Bilgiden Özümsemeye ya da Bilmek ve Duygulara Yansıtmak

Bilgiden Özümsemeye ya da Bilmek ve Duygulara Yansıtmak | Ha-Mim

Ha-mim’de geçtiğimiz hafta sonu (26. 02. 2023) yapılan Lahikalar dersinde, Barla Lahika’sından 214. Mektup okunup müzakere edildi. Özellikle aşağıya alıntıladığım şu kısa paragraf hakkında çok önemli müzakereler paylaşıldı:

“Hem de ilim iki kısımdır: Bir nevi ilim var ki, bir defa bilinse ve bir-iki defa düşünülse kâfi gelir. Diğer bir kısmı, ekmek gibi, su gibi, her vakit insan onu düşünmeye muhtaç olur. Bir defa anladım, yeter diyemez. İşte ulûm-u imaniye bu kısımdandır. Elinizdeki Sözler ekseriyet itibarıyla inşallah o cümledendir.” (Barla Lahikası, İstanbul 2020, s. 225)
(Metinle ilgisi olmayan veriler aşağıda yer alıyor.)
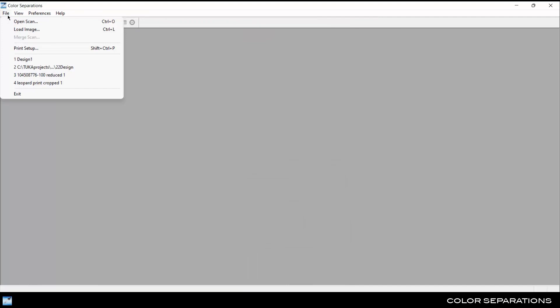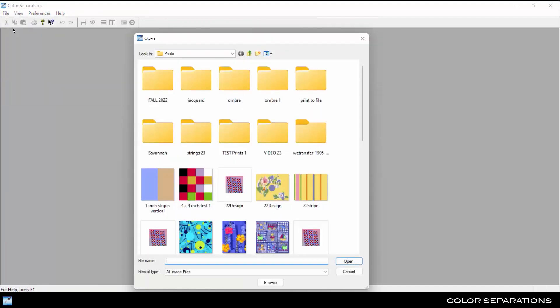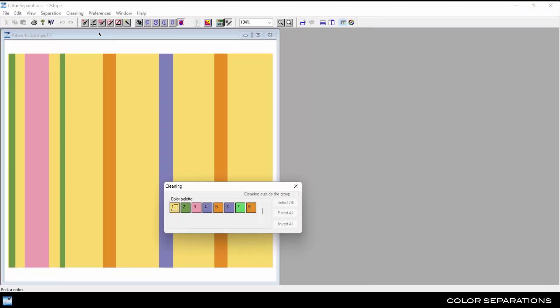The other option is to go to File, Load Image, and select an image which has already been color reduced. The system opens the image file with the cleaning tools active.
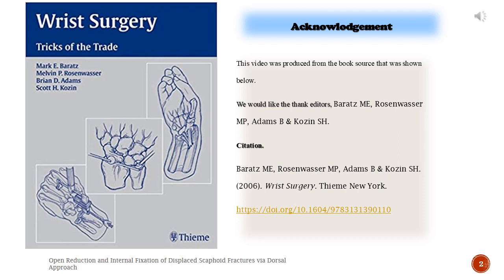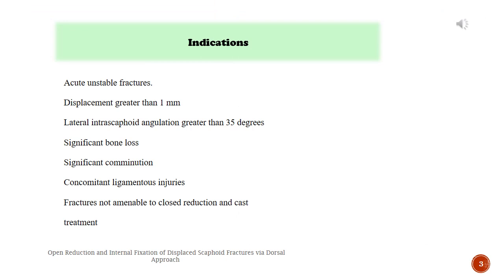Indications — Acute Unstable Fractures: displacement greater than 1 mm, lateral intrascaphoid angulation greater than 35 degrees, significant bone loss, significant comminution, concomitant ligamentous injuries, fractures not amenable to closed reduction and cast treatment.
Görüldüğü gibi metinde ilmin iki çeşit olduğu, ilkinin bir defa bilinmesi ve birkaç sefer düşünülmesi halinde yeteceği fakat ikincisinin ekmek, su gibi her vakit düşünülmesi gerektiği ifade olunuyor ve “ulum-i imaniye”nin ikinci kısma girdiği, bu çerçevede Risale-i Nur’un da bu kısımdan olduğu belirtiliyor. Derste, gerek Mektup’un tümü gerekse yukarıdaki bu paragrafçık hakkında çok faydalı tefekkürler gündeme getirildi. Ben bunların tamamını ilgili kayda havale edip (https://www.youtube.com/watch?v=Z0S0teGukME) bir bölümünü aktarmak istiyorum.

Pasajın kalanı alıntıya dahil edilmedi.